RE: forthcoming new feature specs for LDF

On 7 Jul 2015 at 00:16, Ruben Verborgh wrote:
>>> Think of it as the machine equivalent of UI controls / widgets.
>>> One spec defines autocompletion, the other defines a search bar,
>>> yet another defines a people tagging control.
>> 
>> To be honest, I find that a slightly misleading analogy as that causes
>> people to focus on the design and the UX. A better one (IMO, anyway)
would
>> be to compare that to SQL - or SPARQL for that matter. What we define
here
>> are query operators.
> 
> Actually, UI controls are really the better comparison here.
> 
> UI controls combine lower level hypermedia controls
> to provide a recognizable interface, in that case for users.
> Here are some of those implicit/explicit UI controls:
> - clicking the top logo brings a user to the home page
> - clicking a share button allows to send content through a social media
account
> - typing text in an autocomplete control gives suggestions of expected
input
> Apart from a visual control, they provide an interface
> through which users can interact with the web application.
> 
> The idea is to do the same with these specs:
> combine lower level Hydra constructs
> to higher level controls that are reusable.
> They are not necessarily query operators;
> for instance, the metadata spec we intend to write
> would be very hard to express as a query operator.

OK, I see. Makes sense.


>> The more features there are, the more combinations thereof exist
> 
> That's right; and in our opinion, it is much more meaningful to define
such features
> then to define all "interesting" combinations up front,
> because we don't know which features a server would like to combine.

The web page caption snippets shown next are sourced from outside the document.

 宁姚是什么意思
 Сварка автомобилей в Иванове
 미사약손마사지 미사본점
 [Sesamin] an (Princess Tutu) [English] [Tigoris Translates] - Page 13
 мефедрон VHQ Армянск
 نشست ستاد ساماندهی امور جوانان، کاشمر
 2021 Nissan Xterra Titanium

This part worries me a bit but let's see how it turns out. I still need to
read the papers :-/


>> the less
>> likely it becomes that a client and a server will be able to fully
>> understand each other.
> 
> Why would that be? If the client understands the pieces, it understands
the whole.

Because I'm afraid that clients will cut corners and not implement all
pieces.


> It can even just understand part of the pieces and use those.

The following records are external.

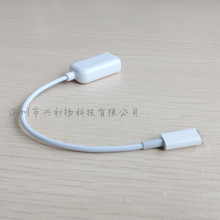 Lightning转USB母转接线手机平板PIN果8转电子琴鼓线MIDI键盘U盘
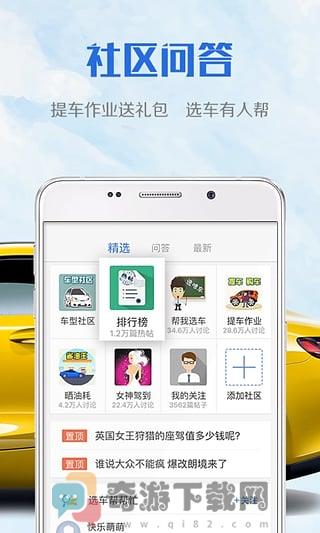 易车APP下载截图2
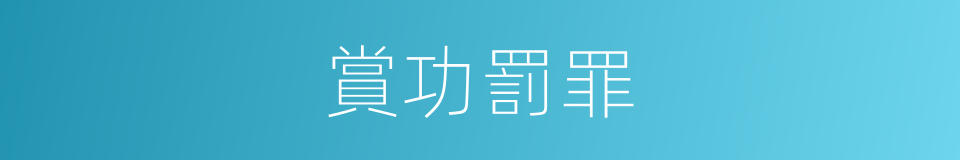 賞功罰罪的意思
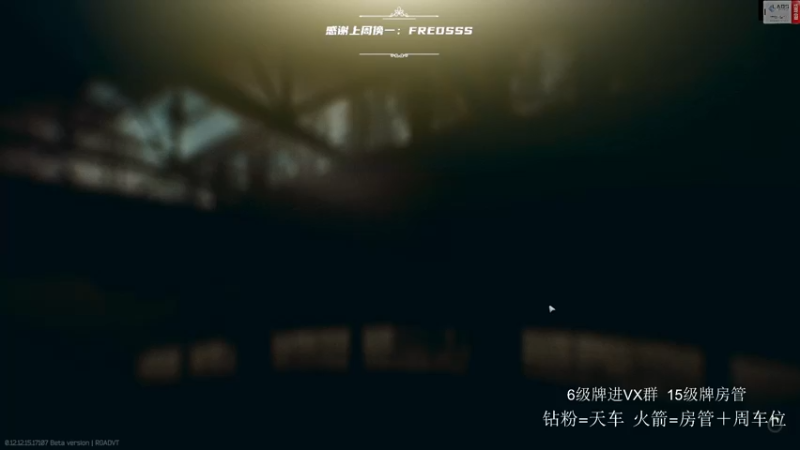 【2022-03-13 10点场】王浩天儿：【404/70级】边角料的日常。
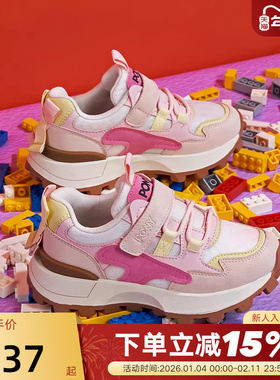 PONY波尼慢跑鞋男女童鞋新款休闲轻便透气运动跑步鞋241K1SO15PK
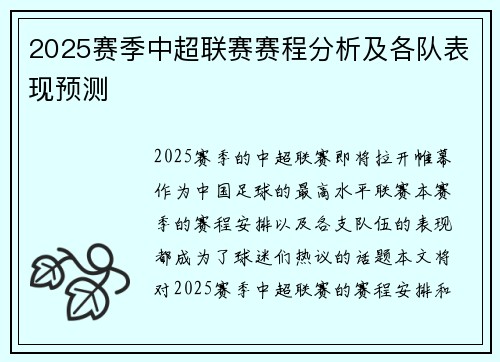 2025赛季中超联赛赛程分析及各队表现预测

In some cases, yes. I'm not sure yet whether this can be generalized.


[...]

>>> However, the client might solve simple queries with this interface,
>>> such as: SELECT ?literal {
>>>    ?s ?p ?literal.
>>>    FILTER REGEX(?literal, "abc")
>>> }
>>> as this can be evaluated using only substring search.
>> 
>> Yep. That would mean, however, that the application on top of such a
client
>> library would need to be adapted. That's something we would like to avoid
at
>> all cost in general.
> 
> I don't really follow, why would the application on top of the client be
adapted?

If you know that servers never support FILTER REGEX(?literal, "abc")
efficiently, you wouldn't build an application that executes the query
above. If you do happen to develop against a server which does and then
later move to a server which doesn't, your app basically breaks as it would
need to retrieve every single triple and then execute the regex locally. For
developers not knowing the whole stack in detail that might be very
surprising and hard to debug.


> The application communicates to the client library, "solve me this query":
>    SELECT ?literal {
>       ?s ?p ?literal.
>       FILTER REGEX(?literal, "abc")
>    }
> The client library then either solves this query with TPF,

Solving it with just TPF would be impractical for large datasets.

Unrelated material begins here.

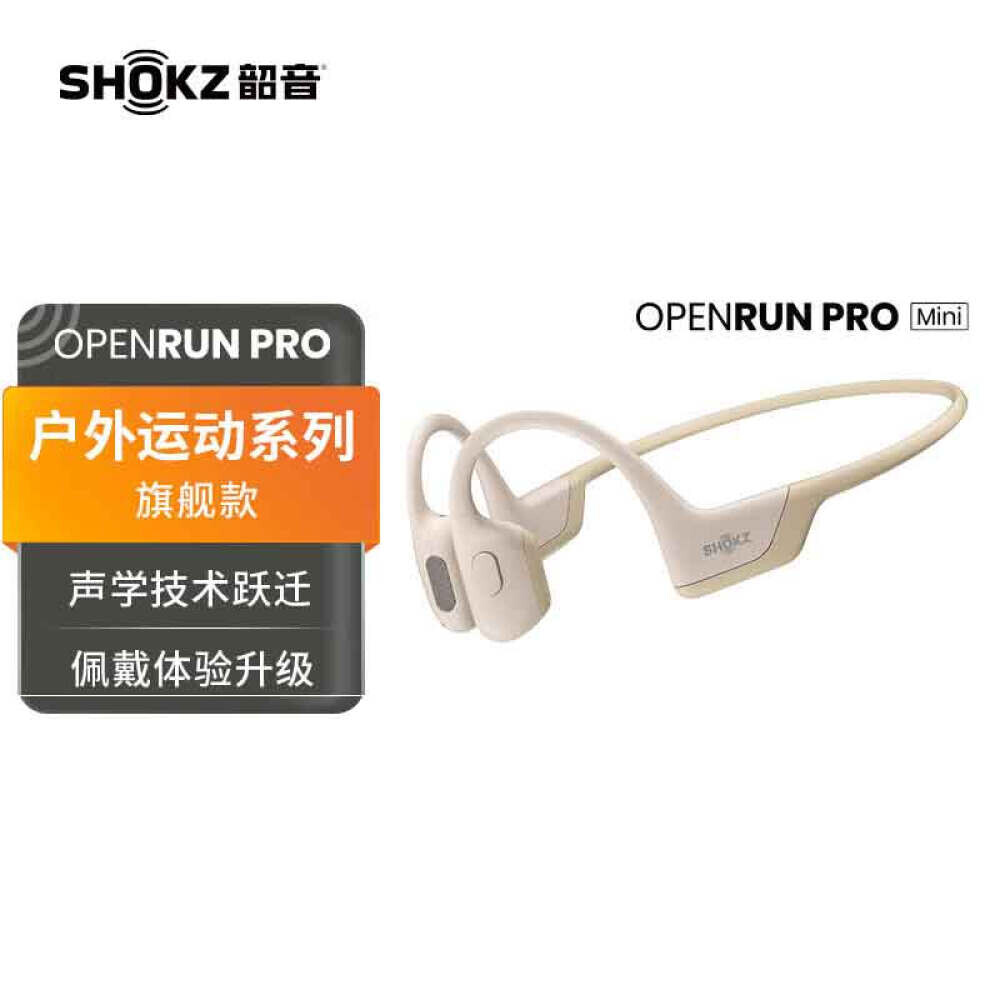 

Беспроводные наушники SHOKZ OpenRun Pro с костной проводимостью, желтый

> with the substring API, or with TPF + substring API,
> depending what is available on the server side.
> 
>> How would you call those two specs?
> 
> - Substring Search
> - Approximate Membership Metadata

I assume that is just part of the title, right? No need to discuss this now
though if you haven't decided it yet.


>> Probably a bit premature to discuss this but have you considered writing
a
>> single feature spec instead?
> 
> The two features are entirely unrelated,
> even though they work perfectly fine in conjunction.
> (The comparison of autocomplete control + share widget is appropriate
here.)

I'd say they are independent but not unrelated. Depending on how long those
specs turn out to be it might make sense to keep those features in a single
document. Let's defer this discussion till we have something concrete to
look at.


>> Also, do you intend to define different
>> conformance classes/products?
> 
> Just compatibility with the individual features at the moment.
> (Considering writing test suites for conformance as well, also for TPF.)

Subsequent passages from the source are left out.